*** Opening Supplied material ***
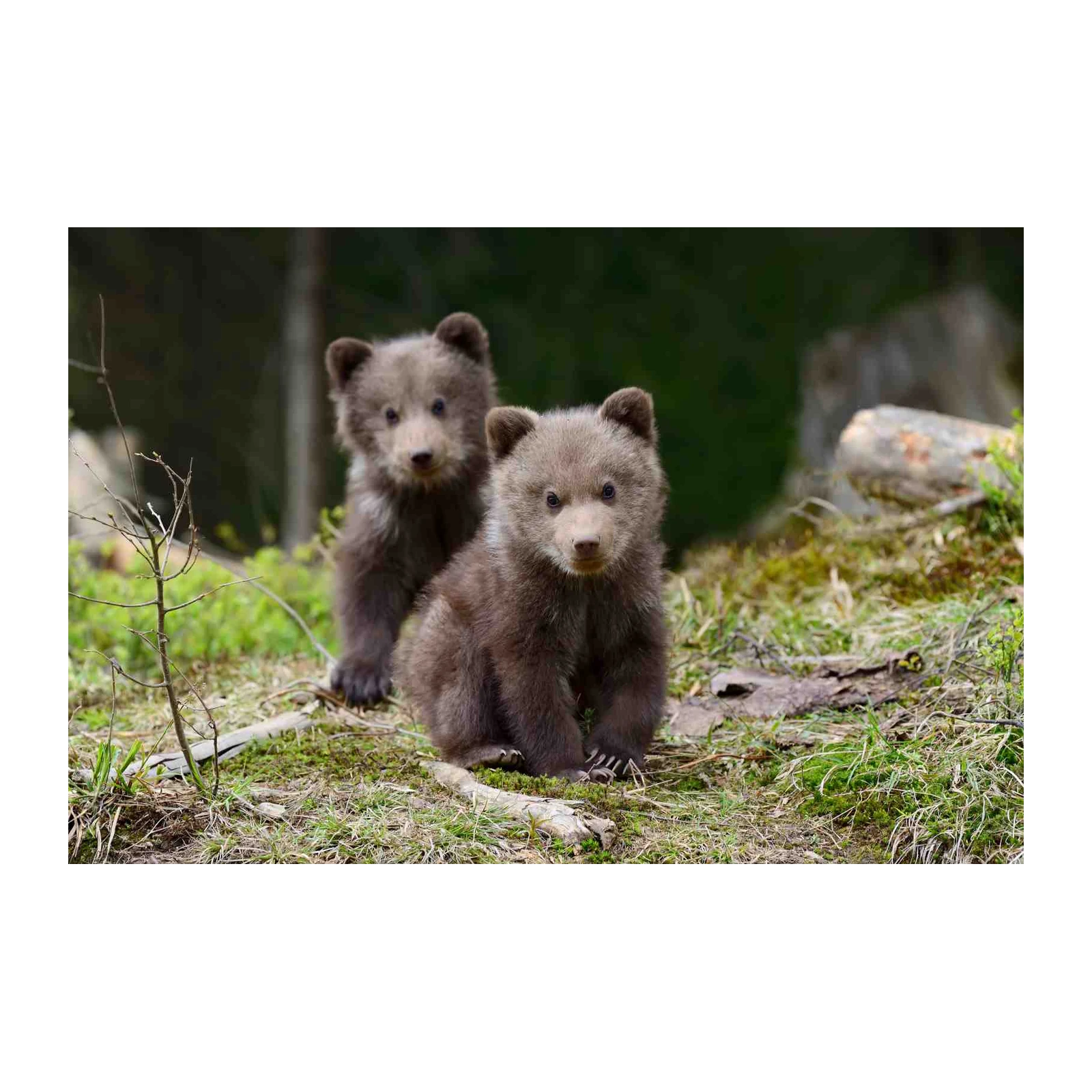 Adorable Bear Cubs in Forest Wall Art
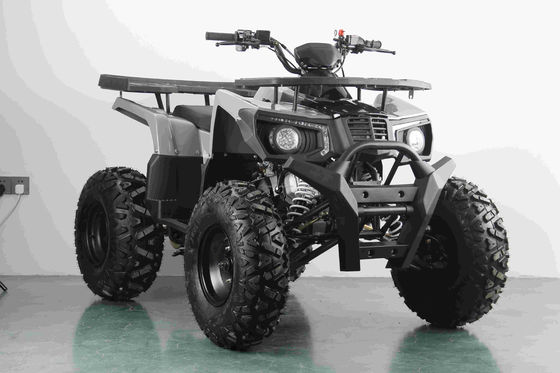 All-terrain 200CC Petrol Adult ATV with Automatic Engine and 10 Inch Steel Wheels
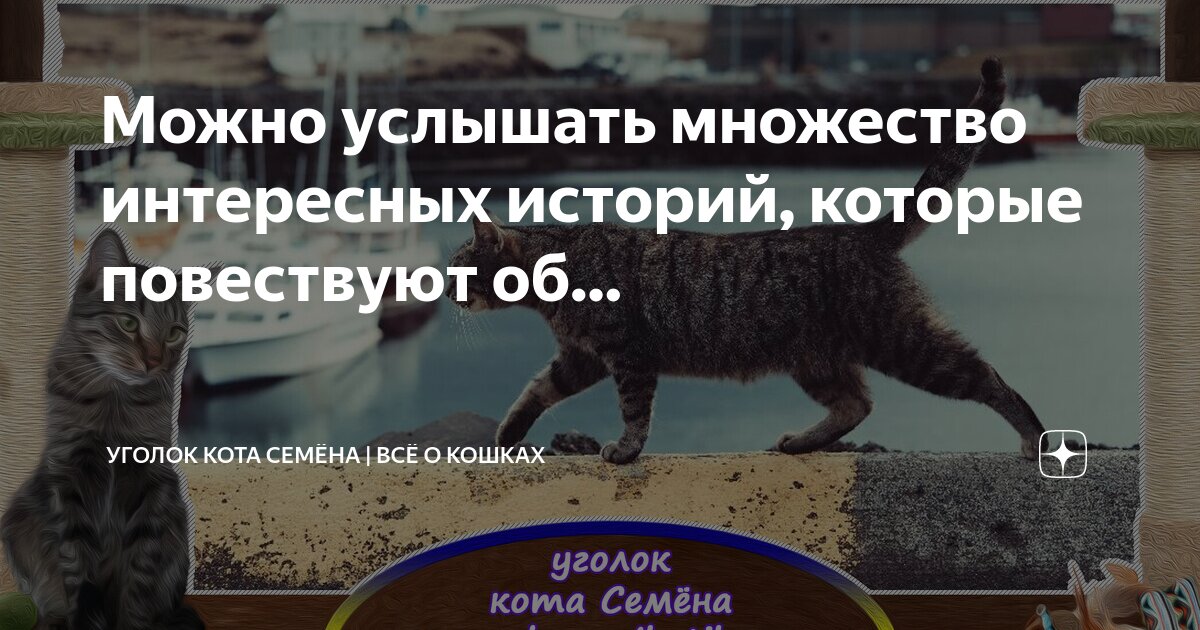 Кошачий туалет на унитаз. Дикий одомашненный кот. Первые одомашненные кошки. Приспособление для котов на унитаз. Одомашнить диких котят.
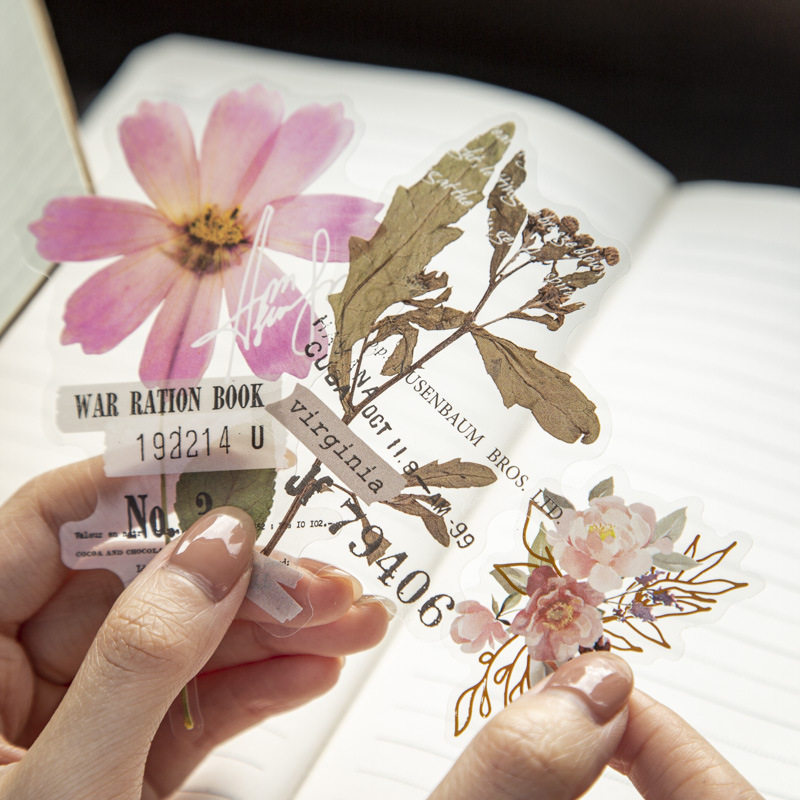 Pacote com 10 Adesivos da Séri - Dried Flower Bulk avaliação e preço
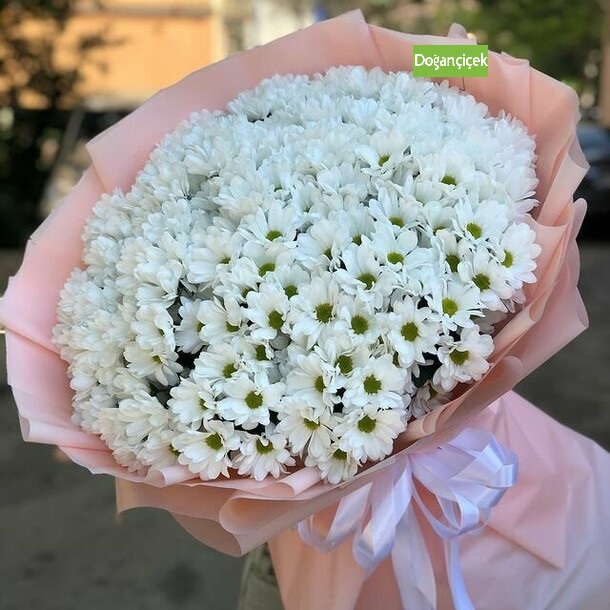 natural-papatya-demet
*** Closing Supplied material ***
_Aim of the task_
Repeat the listing above verbatim, but exclude the pictures it contains.

_Solution_
 Adorable Bear Cubs in Forest Wall Art
 All-terrain 200CC Petrol Adult ATV with Automatic Engine and 10 Inch Steel Wheels
 Кошачий туалет на унитаз. Дикий одомашненный кот. Первые одомашненные кошки. Приспособление для котов на унитаз. Одомашнить диких котят.
 Pacote com 10 Adesivos da Séri - Dried Flower Bulk avaliação e preço
 natural-papatya-demet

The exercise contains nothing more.